Festival Stage Director
The FSD is appointed by SCDA, and must agree each club’s Safety Plan and has the right to impose additional safety measures if considered appropriate. The FSD will give a safety briefing and monitor the behaviour of the club members against their Safety Plan and can stop a rehearsal or performance at any time if people are at risk. The FSD will ensure everyone involved in the festival understands the theatre’s safety rules. The FSD must also record and report any safety-related incidents or near misses at SCDA events to the Organising Committee in writing.
Authorised Electrical Person
The AEP has responsibility for electrical safety. The AEP must check and be satisfied with any electrical connections or electrical equipment used on or backstage. Normally the AEP will be employed by the venue. Where this role is performed by a club or SCDA member, the individual must be able to demonstrate his/her competence.
Firearms and replica Firearms on Stage
All Producers/Directors and Stage Managers should be aware of the relevant guidance if their production involves a weapon or replica weapon. It does not apparently apply to plastic toy guns. The quote below from “Management of firearms and other weapons in productions” will cover most amateur situations, but you should be conversant with the whole document which you can download.here
Replica (props) and deactivated weapons
Props and deactivated weapons should not be capable of discharging a projectile but could still inflict bodily harm if used to hit someone. However, the main hazards are theft or loss, public distress, breach of the peace or if the police respond to an apparent emergency. The police must therefore be informed.
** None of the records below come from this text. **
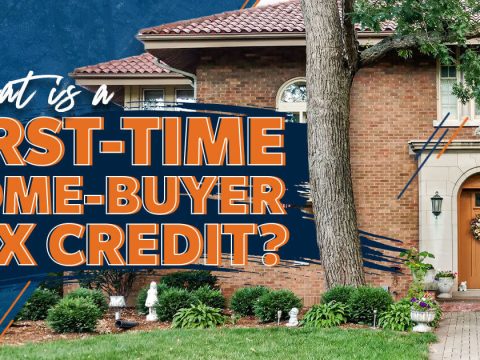 Tax Credit for First-Time Home Buyers: 2023 Guide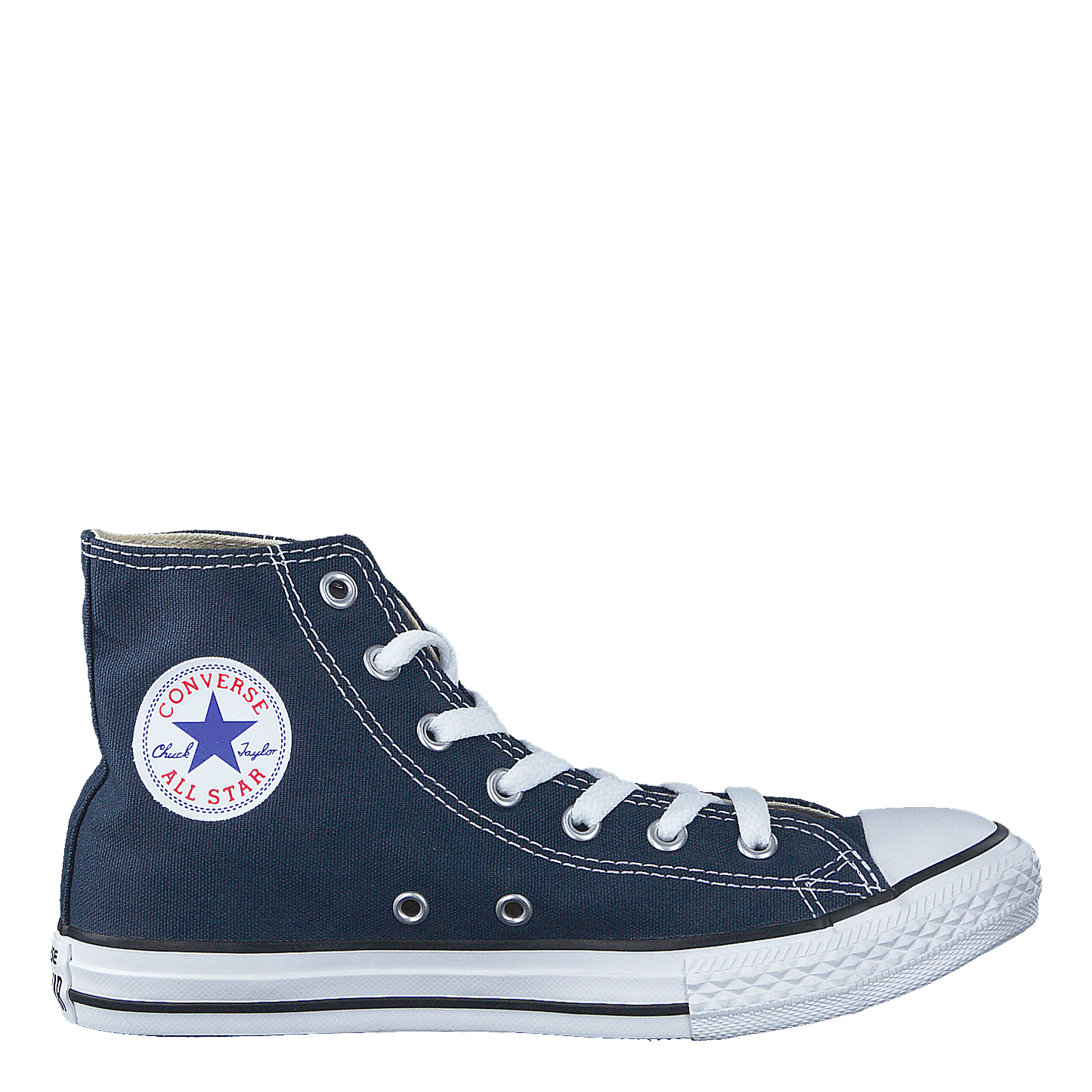 Chuck Taylor All Star Hi Kids Navy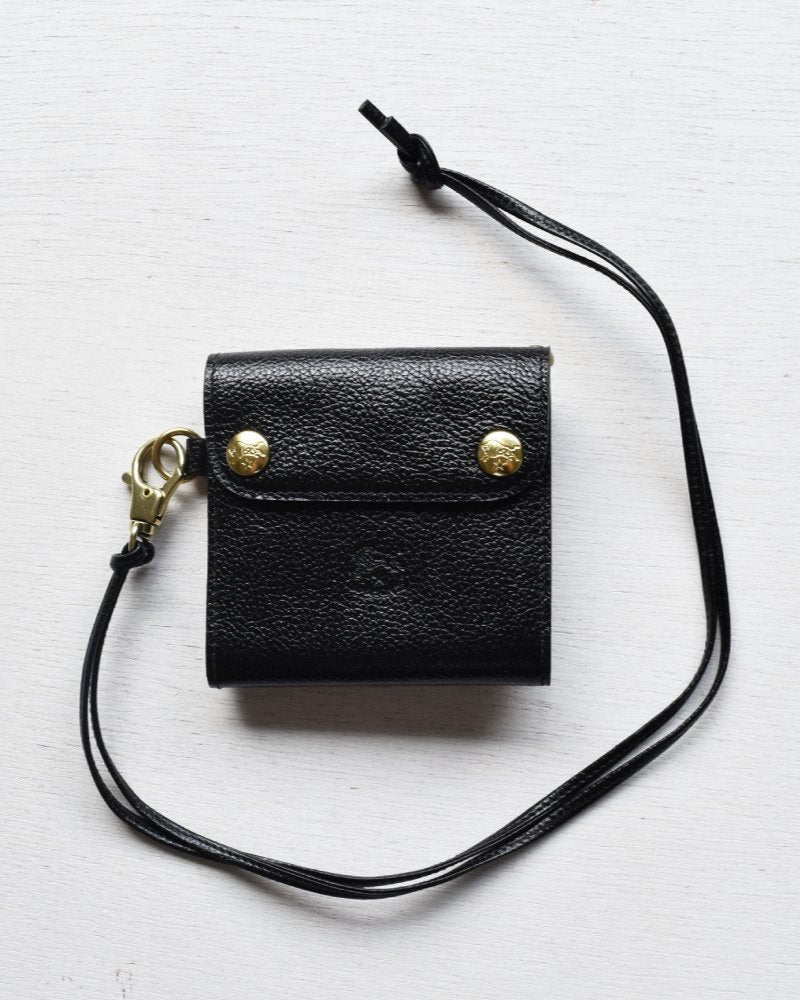 【イルビゾンテ】ネックウォレット 54242309341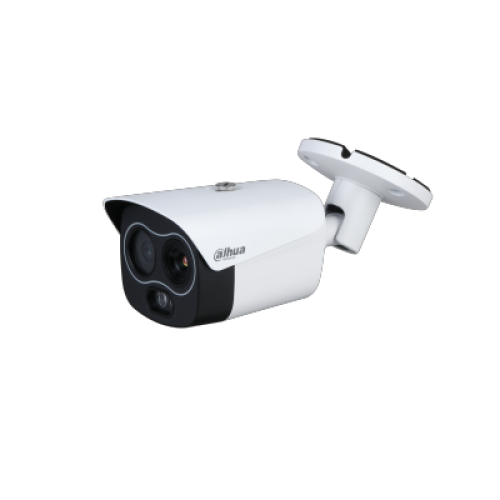 DAHUA DHI-TPC-BF1241-B3F4-DW-S8 Стационарный тепловизор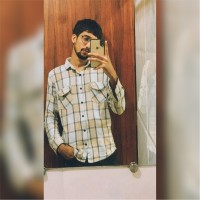 Afzal Shaikh
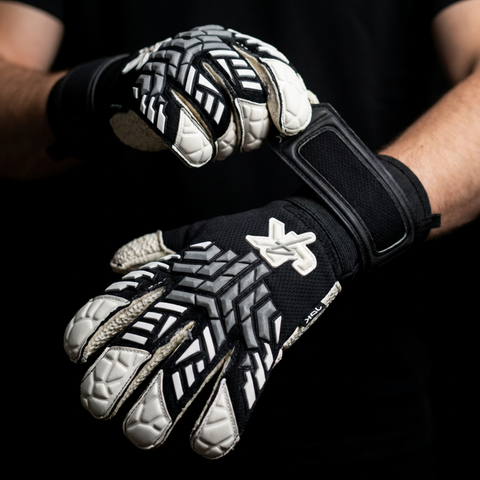 3G Techno AstroTurf Roll Finger!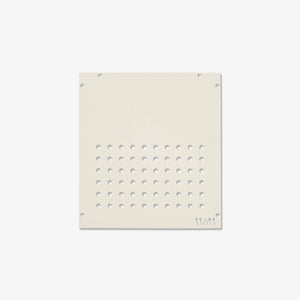 EspressoCover V2 voor ECM-modellen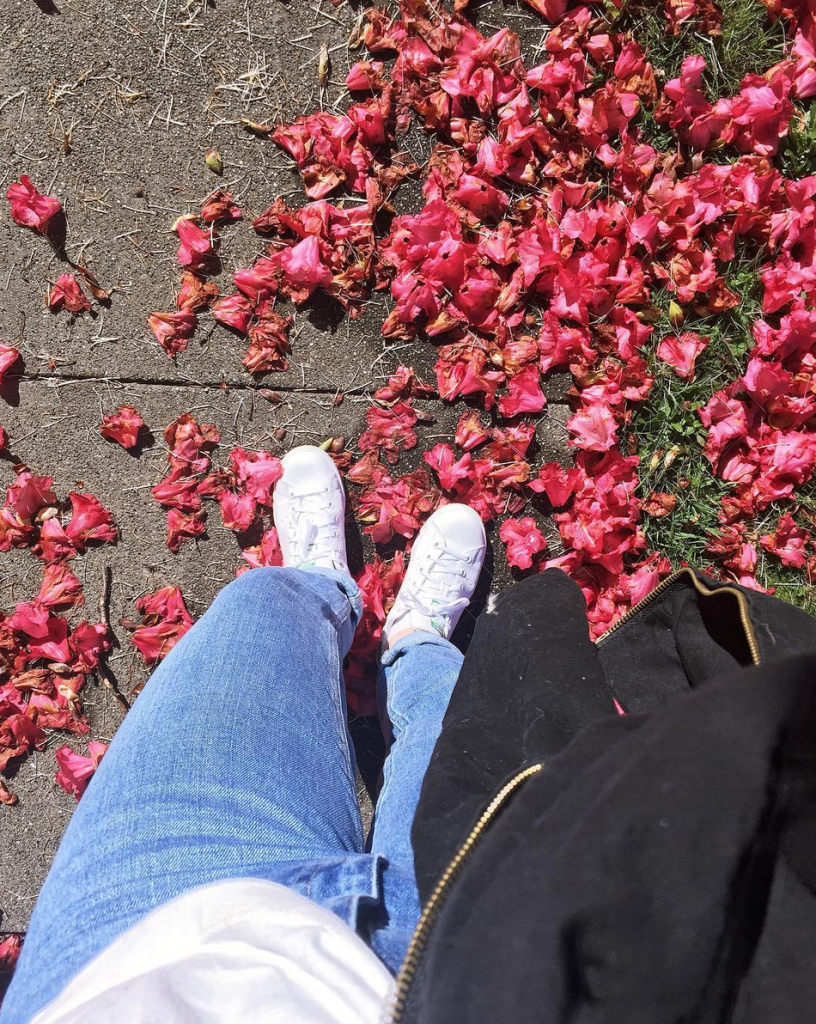 Spring Has (Almost) Sprung! And We Have 17 Ways Our Style Gurus Are Celebrating Its Arrival! 31 Screen Shot 2016-03-17 at 3.04.10 PM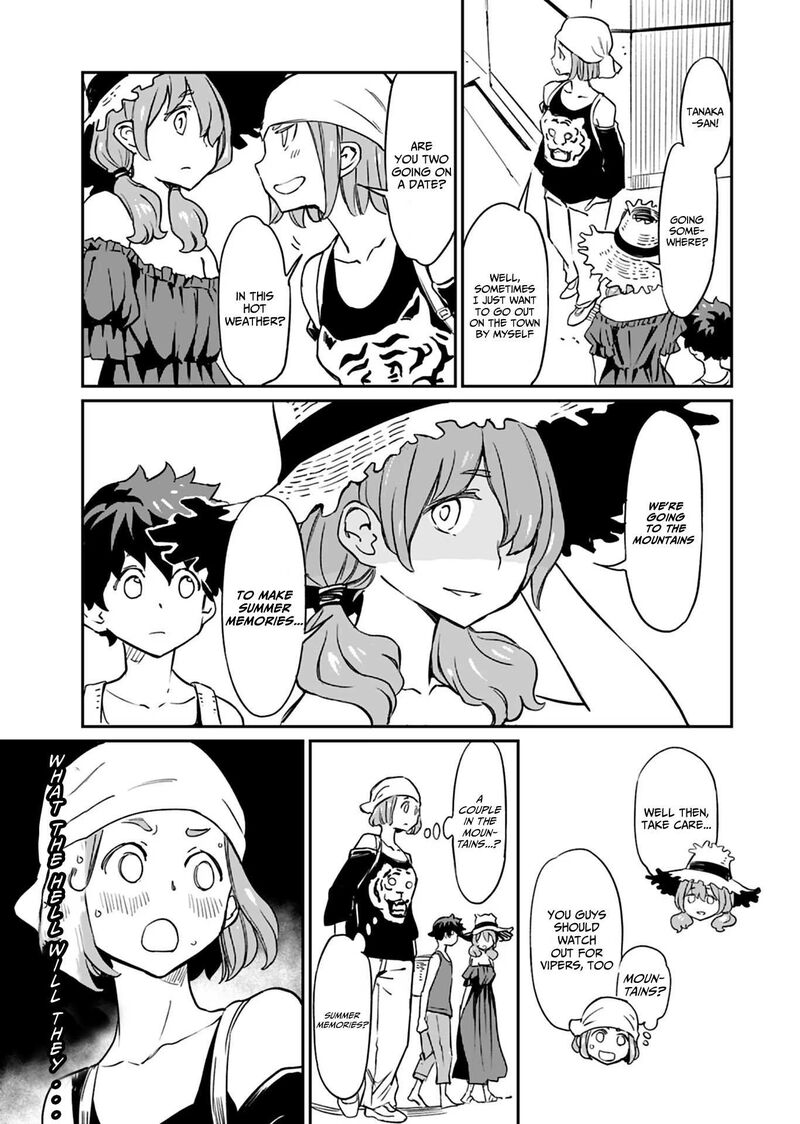 Obokoi Majo Wa Majiwaritai Chapter 10 Page 18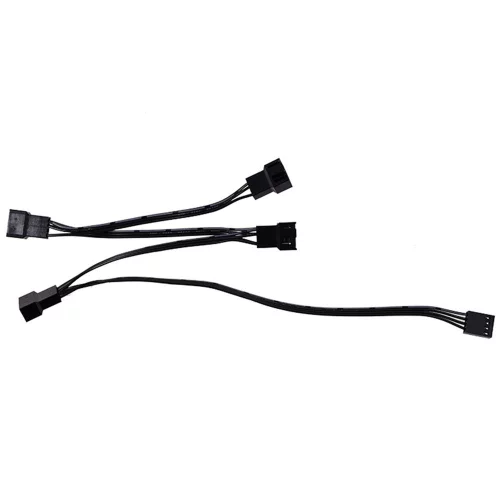 Вентилятор Fan Splitter ID-Cooling FS-04 PWM 1-4 fans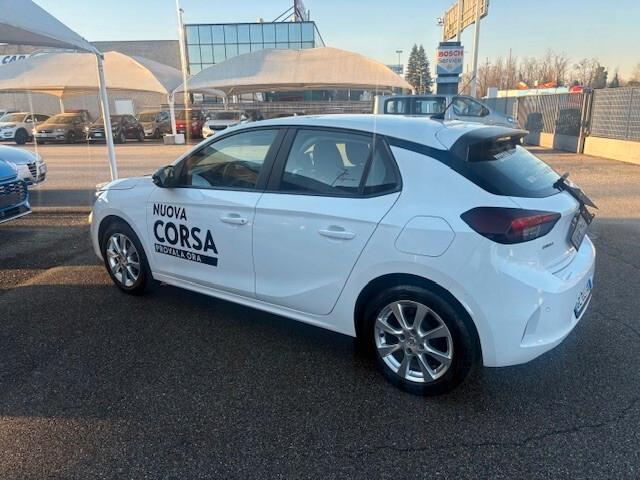 Opel Corsa 1.2 Edition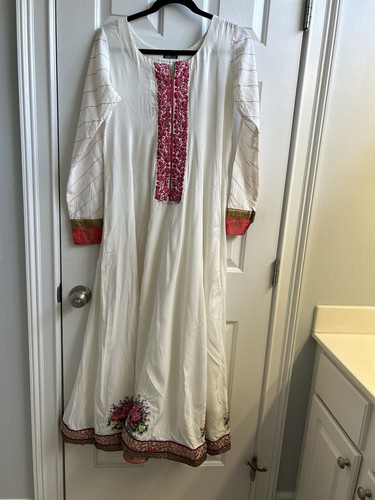 Pakistani Clothing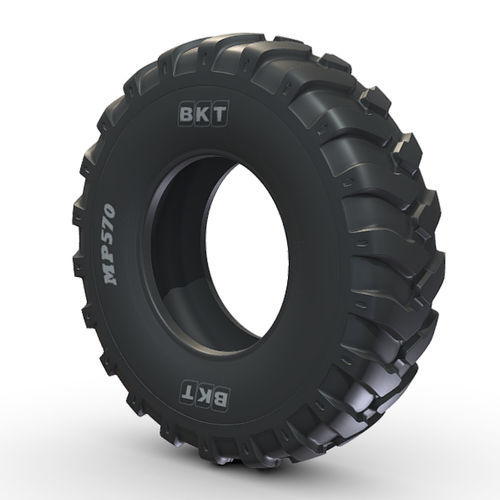 Pneumatico agricolo - MP 570 - Balakrishna industries limited - industriale / per terna / per escavatori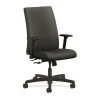 HON® Ignition® Mid-Back Office/Computer Chair, Onyx -Office Chairs Shop unnamed file 964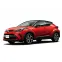 EVA килимки для Toyota C-HR Hybrid Restyling SUV 2020+
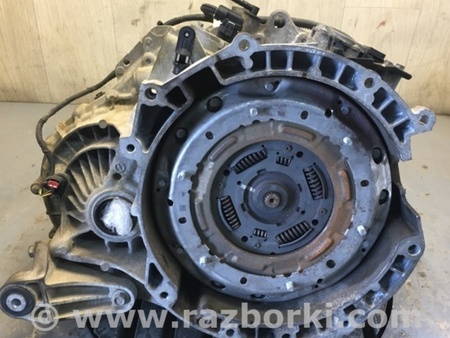 ФОТО Автоматична трансмісія для Ford Focus 3 (01.2010 - 03.2018) Київ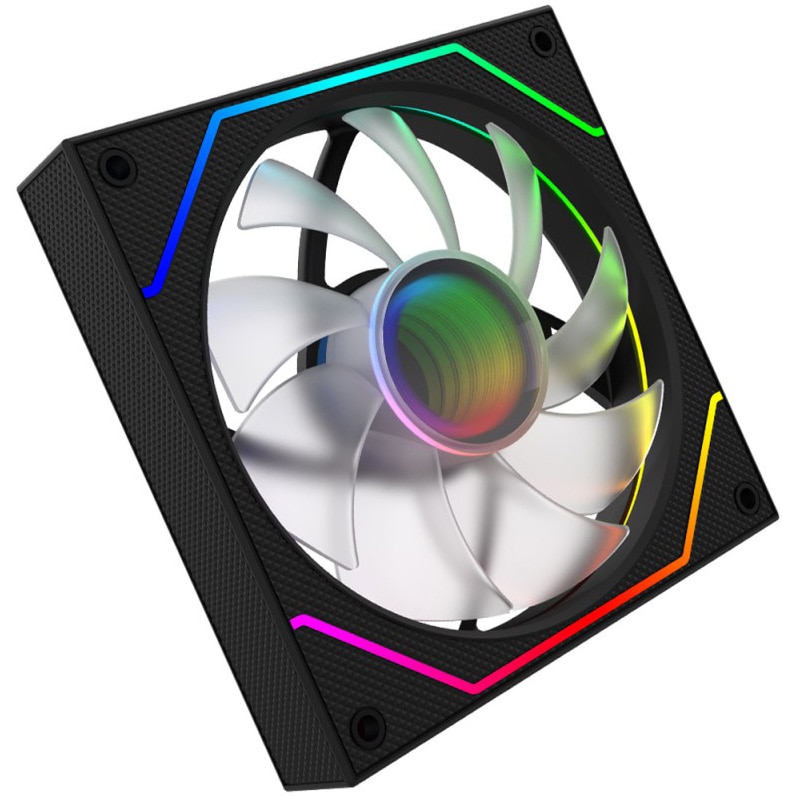 Aqirys AQRYS_6P12SLI18ARGB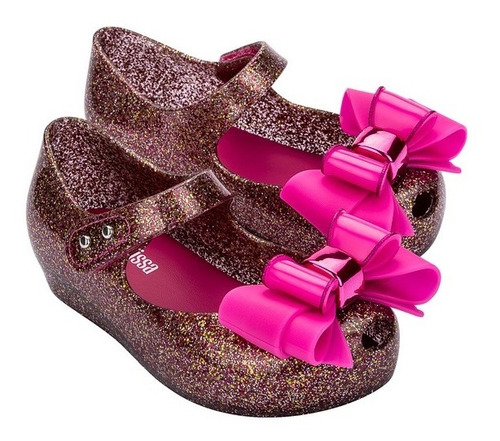 Imagem 3 de 5 de Mini Melissa Ultragirl Sweet Ix (33553) Original + Nf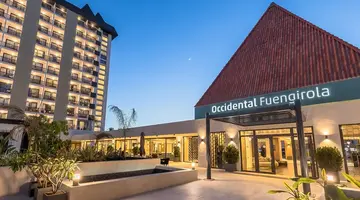 Occidental Fuengirola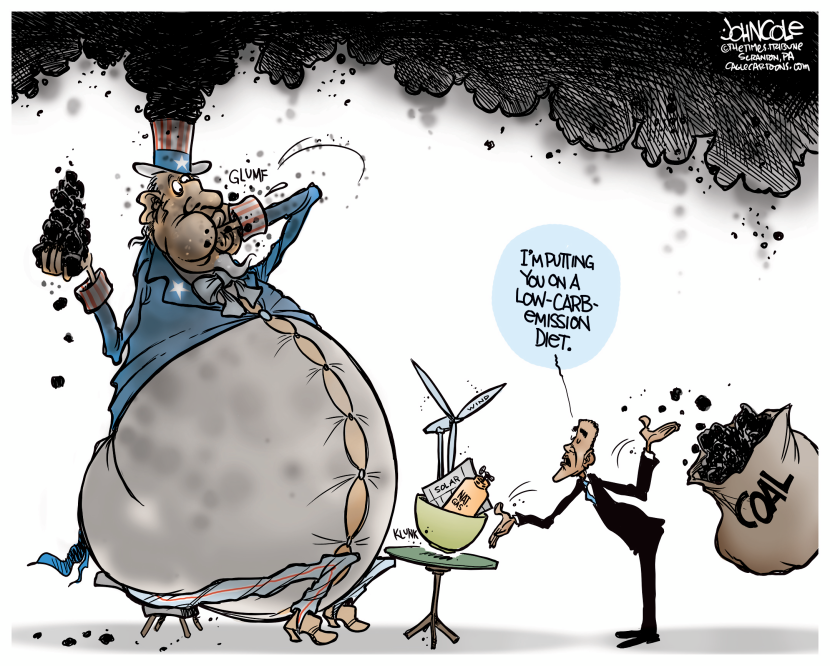 Low-carbon diet COLOR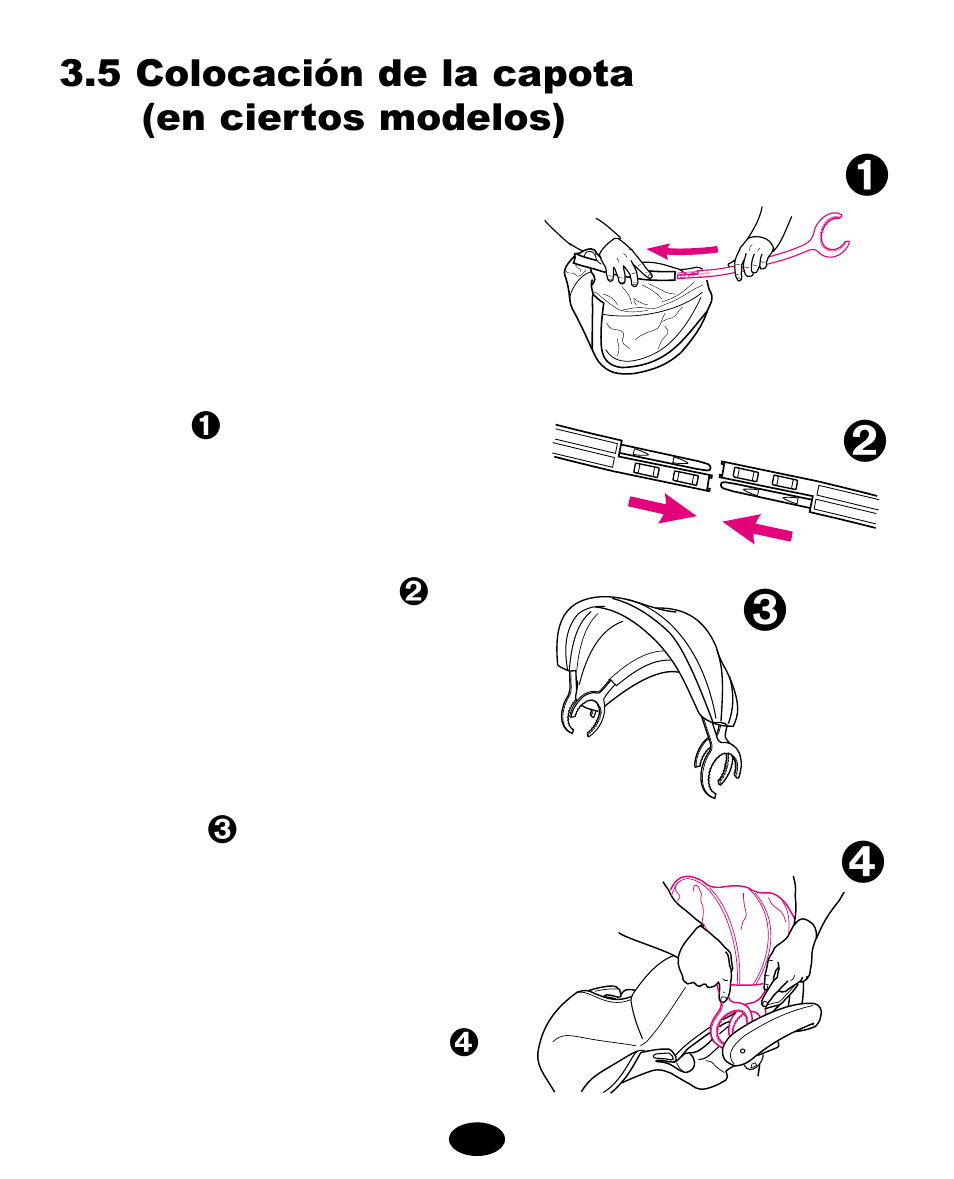 Graco 7586 User Manual | Page 84 / 116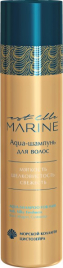 Aqua-шампунь для волос EST ELLE MARINE, 250 мл EM/S250 
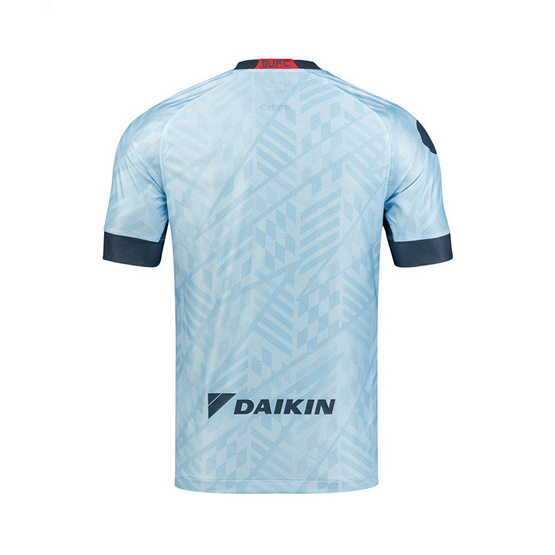 ARI TRUE BANGKOK UNITEDเสื้อเกรดแฟนบอลเยือน (2023/2024 AWAY REPLICA JERSEY)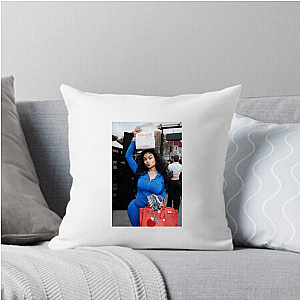 India Westbrooks Vibe India Westbrooks Pillows Cover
- The producer must ensure that the security arrangements for storage and transportation are adequate, in other words:
there is a dedicated and named person responsible for the security of the weapon at all times (including the collection, storage, transportation and safe return);
- the named person will accompany the weapon if it is to be moved, for example a courier cannot collect it on behalf of the production;
- when not in use, the deactivated weapon is locked in a secure case, which is stored in a locked room with restricted access.